Cuando arreciaba la última rebelión, la llamada al milagro (y se rondó, ciertamente), apareció Stephen Curry. 34 puntos, 7 rebotes, 7 asistencias, 6/11 en triples. Un goteo de penetraciones marca de la casa, alguno de esos triples que parecen valer seis puntos y su capacidad para concentrar sobre él toda la defensa y poner en marcha la montaña rusa que desmadeja al rival. Persiguiéndole por toda la pista, los Celtics perdieron de vista el rebote (15 de ataque de los Warriors, clave otra vez Kevon Looney). Sin saber si cerrar filas sobre él o tapar las vías de comunicación con sus compañeros, se metieron de cabeza en la trampa de un jugador único, trascendental, legendario: 31,2 puntos, 6 rebotes, 5 asistencias y una línea de tiro de 48% (total), 44% (triples) y 86% (tiros libres). MVP. Contra una defensa salvaje, obsesionada con él y que finalmente acabó a sus pies. La carga inevitable de un jugador imposible.
Es su cuarto anillo. Con dos MVP de fase regular, uno por fin de Finales, ocho all star y todos los récords de triples que a uno se le puedan ocurrir. Hasta los que suenan a broma. Su legado, tres años después de la fuga de Kevin Durant, avanza hacia el escalón de los más grandes. Su importancia como hito de un nuevo baloncesto es incuestionable, una mutación que ha hecho una marca dorada en el suelo: la NBA antes de Stephen Curry, la NBA después de Stephen Curry.
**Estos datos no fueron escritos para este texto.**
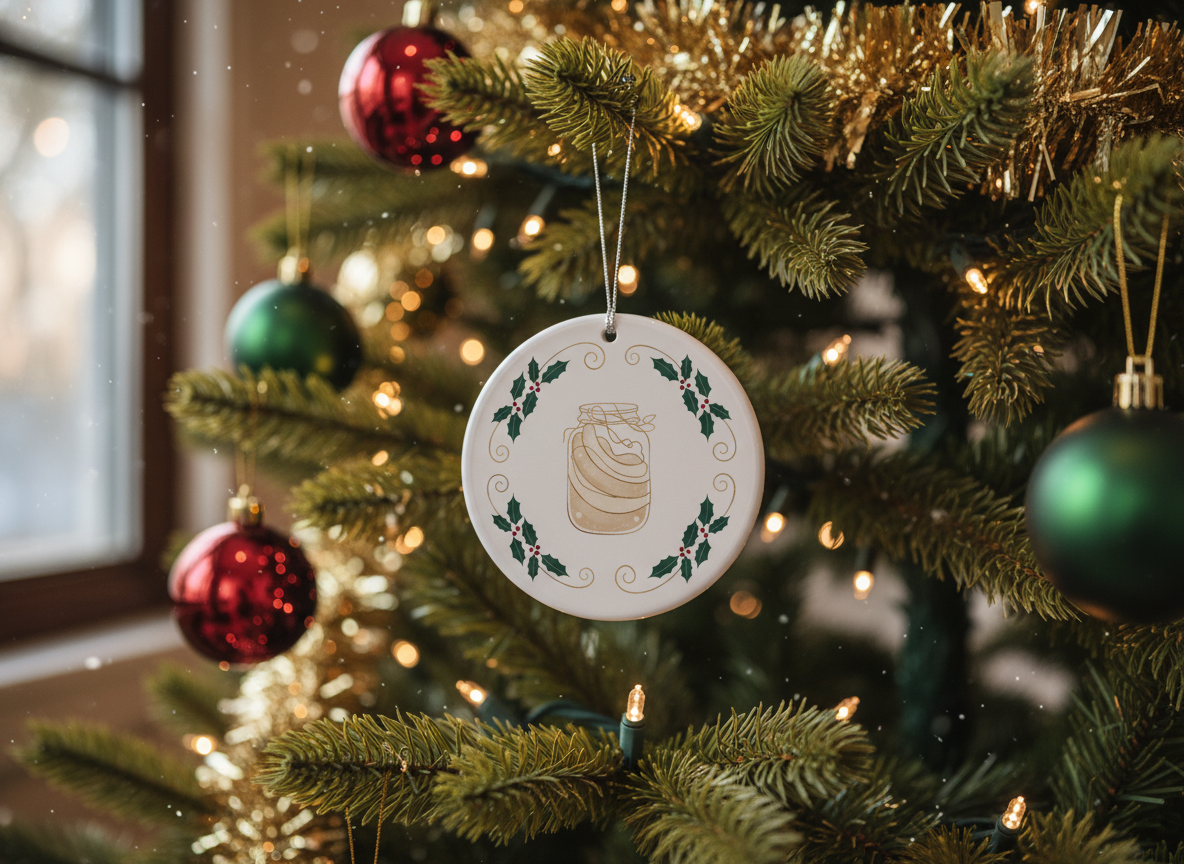 [2D FLAT ACRYLIC] Sourdough Baker Christmas Ornament 2025 – Ceramic Holiday Keepsake Gift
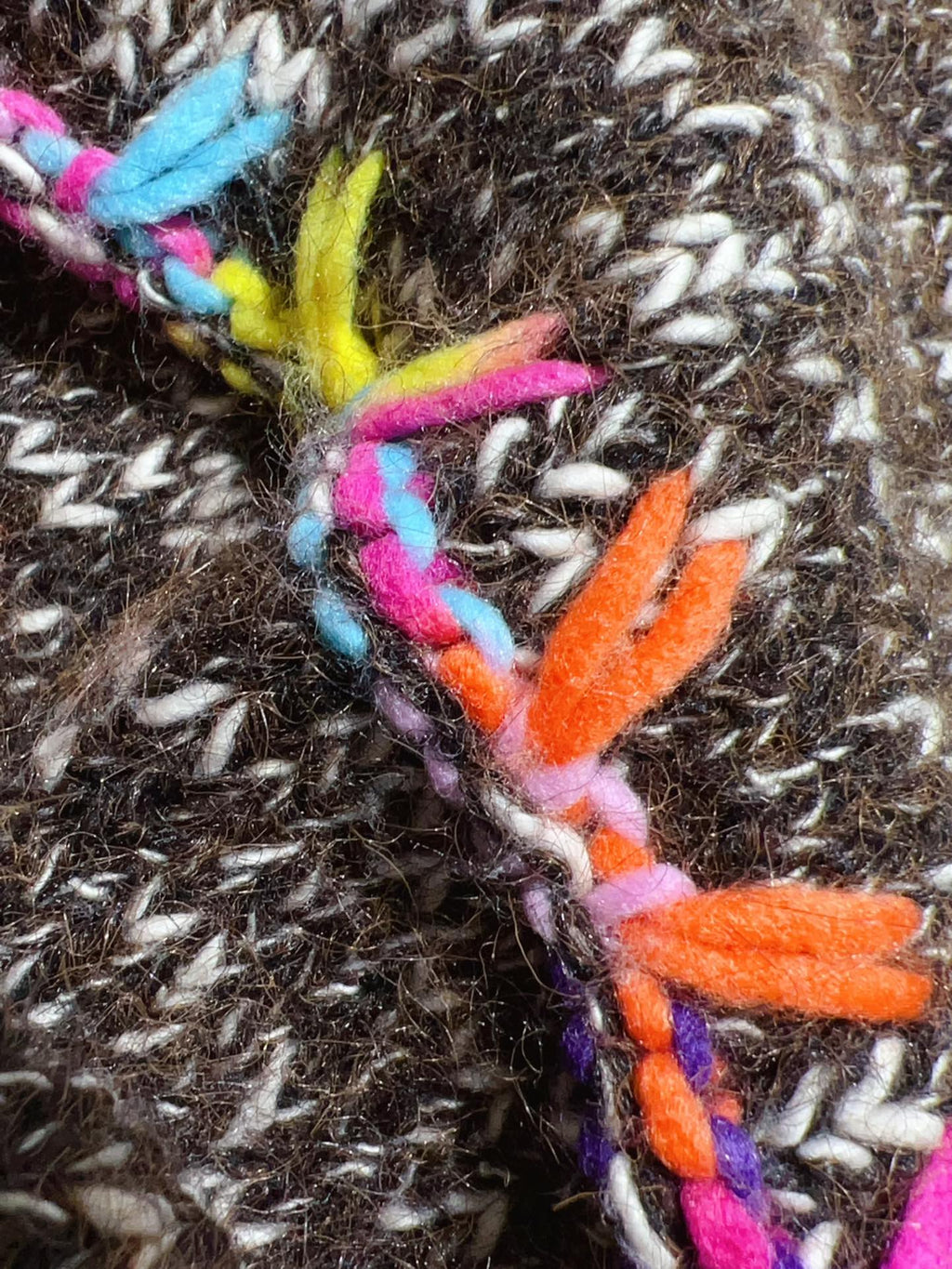 Autumn Dream: Ethnic Embroidered Knit Sweater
Es, por encima de todo, un título para él. Pero también para Steve Kerr (cinco como jugador, cuatro ya como entrenador), para un Klay Thompson que se pasó 941 días de calvario fuera de las pistas. Y para un Draymond Green reinsertado, que decodificó la Final a tiempo y viró de agujero a negro a pilar de su equipo. Como tantas veces: 12 puntos, 12 rebotes, 8 asistencias y un máster en arquitectura defensiva. Un jugador único. A veces en lo malo, mil veces en lo bueno. Uno, en todo caso, sin el que es imposible entender esta dinastía vertiginosa, implacable, ganadora. Que se enfrentaba a una defensa temible pero impuso la suya con puño de hierro: cuatro partidos de los Celtics por debajo de 100 puntos.
Andrew Wiggins, el segundo mejor jugador de las Finales, culminó su reinvención con 18 puntos, 6 rebotes, 5 asistencias, 4 robos y 3 tapones. El forajido del contrato tóxico ha acabado siendo esta temporada all star y campeón, esencial en un combate por el título que reivindica también el tesón de Gary Payton II y la alegría de Jordan Poole. La cultura Warriors, la marca de uno de los grandes equipos de la historia. Tal vez el mejor. Desde luego uno como ningún otro porque así es su líder, su jugador franquicia, su libro de instrucciones: Stephen Curry. Hoy más que nunca, una leyenda única en un firmamento de la NBA que, ahora mismo, le pertenece. Campeón y Rey Sol.